Playing With an IR Filter

“Oh no,” the readers cried out in unison. “Not another photography post!”

Ah, yes, you’ll have so suffer, my children. This one will be fun, though. I picked up an infrared filter for my camera for $25 on Amazon, because it seems like a very cool toy. It’s not the easiest thing to play with, so these first attempts are me, attempting to learn how to take an IR photo. For one thing, you can’t see anything when then filter is in place, so you have to focus and THEN put the filter on. This means if you move the camera later, you have to remove the filter and refocus, etc. And even then, it might not be quite right. Also, you have to do a lot of post production on these photos because they come out violently red/magenta. It’s the nature of the filter. Lastly, if it’s windy like it was today, and your tripod is not very sturdy, your camera is going to move during the 5-30 second exposures you need to take to get the photos. Next time I’m going to try with a higher ISO so that I can use a shorter exposure time. We’ll see if that makes them a bit crisper.

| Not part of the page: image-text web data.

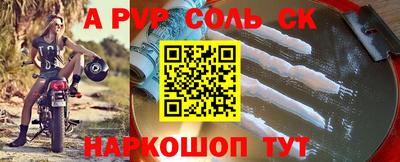 соль курить ск Бугуруслан
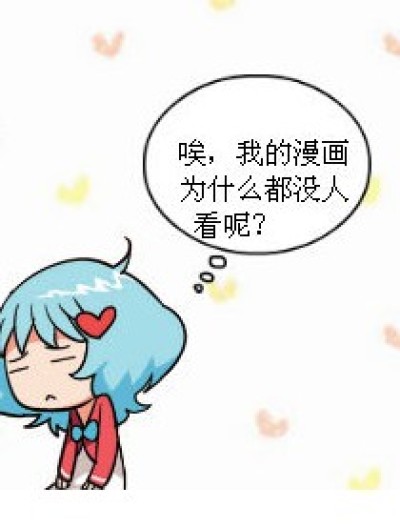 ～漫画家难做啊～漫画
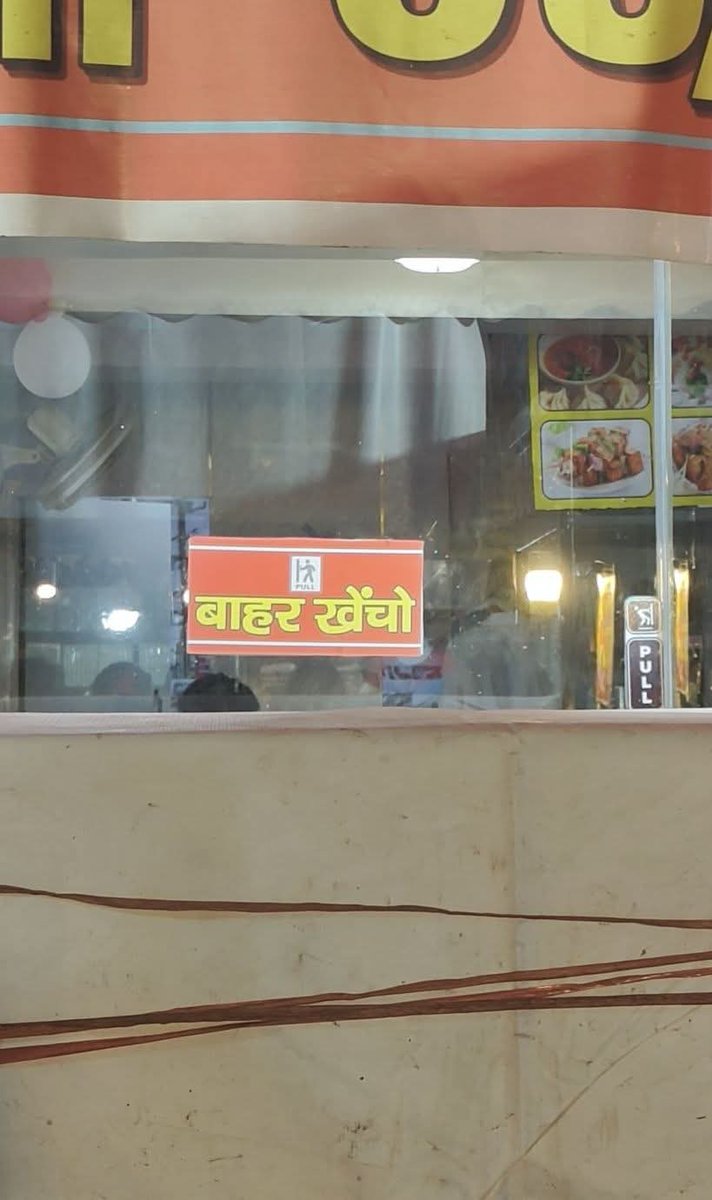 rajdev60743934's tweet image. और फिर एक दिन इस सृष्टि को Push और Pull के कन्फ्यूजन से मुक्ति मिल गई।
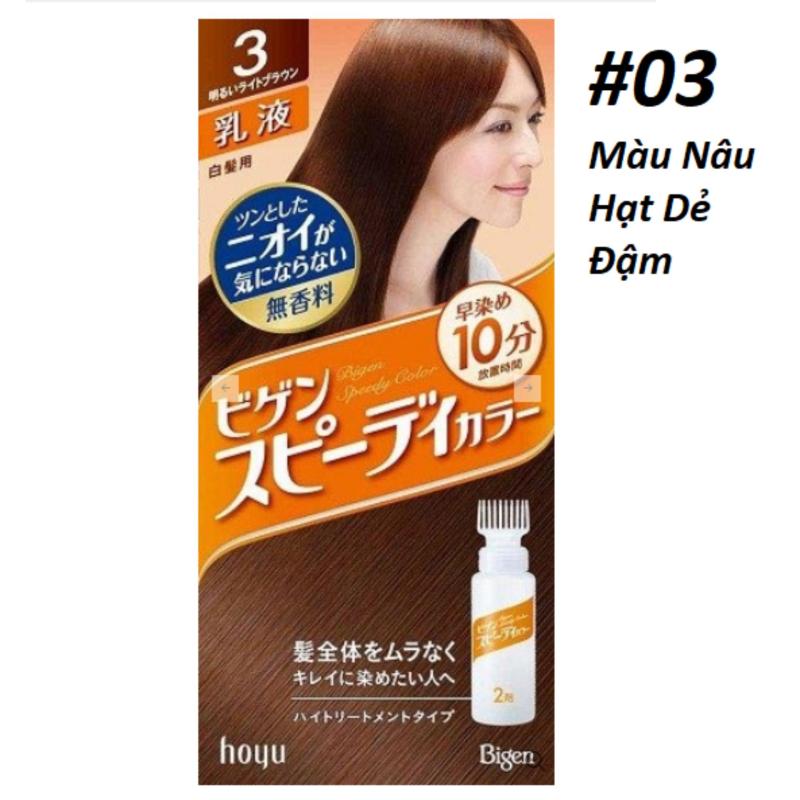 Thuốc nhuộm tóc Nhật Bản Bigen Hoyu Số 3 ( Nâu sáng chói ) cao cấp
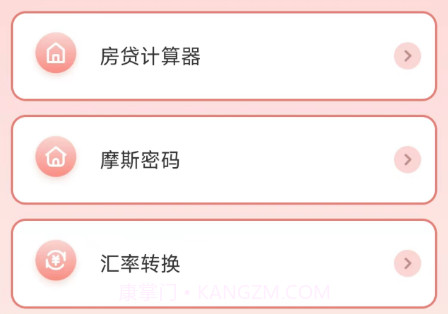 萌宠计算器v4.6.12截图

Okay, so now that I’ve set your expectations into the cellar…

I stopped by Evergreen Cemetery in Leominster to take a few shots. The first shot is clear – no filter, to set white balance and focus. The shot after that is the IR photo, post-processing with some of the red left in for artistic purposes.

CLICK TO VIEW LARGER VERSION

Now, shot using the IR filter, 15 seconds at f/8, 35mm lens

The movement in the trees is due to the wind.
This next photo is a straight, no filter, no processing photo.

Here’s that photo converted to black and white. Looks pretty good, but lots of shadows.

This is the one with the filter – it shows a lot more of the details from the shadows, and I think it would look a lot better if the tripod wasn’t all blowy-aroundy.